What I did know was that there were twenty-six rooms altogether at the Waterwitch and some of those rooms were safe but some of them were, well, they were wrong somehow. When Jem and I had first come here last week, I had started to go round the rooms one day out of boredom but, after what I’d seen in Room 9 and then the other thing I’d seen in Room 22, I’d decided perhaps I wouldn’t explore any more after all.
I needed to go and close that door. Otherwise Jem would think I’d been poking into the rooms again when he’d asked me not to. It was no big deal. It was just an open door that was supposed to be closed and I was going to walk right over there and shut it. Besides, it was one of the rooms I hadn’t been into yet, and so it could just be one of the normal ones.
My feet creaked on the floorboards as I moved closer and closer to the doorway, weak sunlight spilling out to pool upon the floor. When I reached it I saw that it was Room 17. I wanted to slam the door shut without looking inside, but if Jem was here then he would glance into the room to check that everything was OK first, so that was what I did, too.

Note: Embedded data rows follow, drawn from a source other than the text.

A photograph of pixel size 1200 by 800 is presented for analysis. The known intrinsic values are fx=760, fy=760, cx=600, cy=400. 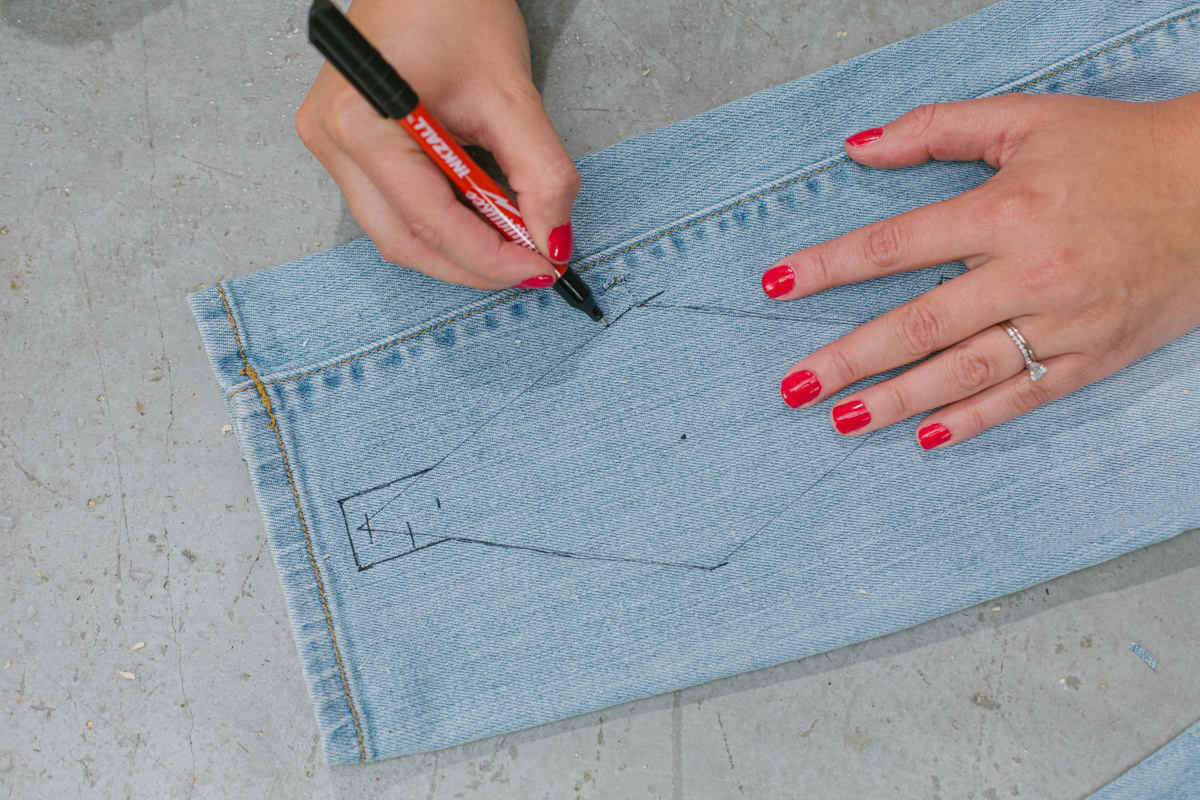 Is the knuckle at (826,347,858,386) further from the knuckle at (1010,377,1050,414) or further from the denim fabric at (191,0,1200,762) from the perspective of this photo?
the knuckle at (1010,377,1050,414)

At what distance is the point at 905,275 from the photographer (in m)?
0.81

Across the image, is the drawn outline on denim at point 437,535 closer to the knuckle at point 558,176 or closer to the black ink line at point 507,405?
the black ink line at point 507,405

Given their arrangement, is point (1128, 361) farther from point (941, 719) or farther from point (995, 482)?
point (941, 719)

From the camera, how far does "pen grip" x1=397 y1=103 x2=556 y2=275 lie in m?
0.64

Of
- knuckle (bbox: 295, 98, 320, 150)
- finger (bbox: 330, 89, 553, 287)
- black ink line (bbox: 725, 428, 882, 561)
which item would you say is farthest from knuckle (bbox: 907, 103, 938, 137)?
knuckle (bbox: 295, 98, 320, 150)

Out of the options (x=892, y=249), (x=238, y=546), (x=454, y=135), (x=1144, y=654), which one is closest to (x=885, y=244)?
(x=892, y=249)

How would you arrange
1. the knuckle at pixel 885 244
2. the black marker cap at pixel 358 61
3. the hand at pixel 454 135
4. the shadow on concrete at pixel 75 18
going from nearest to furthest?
the black marker cap at pixel 358 61 < the hand at pixel 454 135 < the knuckle at pixel 885 244 < the shadow on concrete at pixel 75 18

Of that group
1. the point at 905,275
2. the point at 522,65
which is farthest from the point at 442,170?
the point at 905,275

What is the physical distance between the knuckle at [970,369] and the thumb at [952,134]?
21 cm

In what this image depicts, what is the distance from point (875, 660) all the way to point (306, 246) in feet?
2.66

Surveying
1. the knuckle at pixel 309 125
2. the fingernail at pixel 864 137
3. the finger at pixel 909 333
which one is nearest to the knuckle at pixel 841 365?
the finger at pixel 909 333

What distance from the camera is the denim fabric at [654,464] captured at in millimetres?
803

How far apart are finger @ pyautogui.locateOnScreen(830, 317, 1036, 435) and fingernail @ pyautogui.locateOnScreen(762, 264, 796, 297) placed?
0.13m

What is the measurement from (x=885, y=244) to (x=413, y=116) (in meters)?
0.47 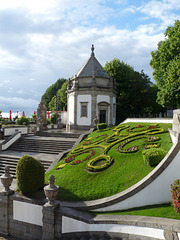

To my relief, the room looked ordinary enough. The only thing that wasn’t quite right was that the pictures weren’t straight. Like most of the other rooms, this one had several pictures hanging on the walls – not oil paintings like the big scary one down in the restaurant – but framed prints of the Waterwitch, sailing at night, or battling stormy seas or, worst of all, wrecked at the bottom of the ocean.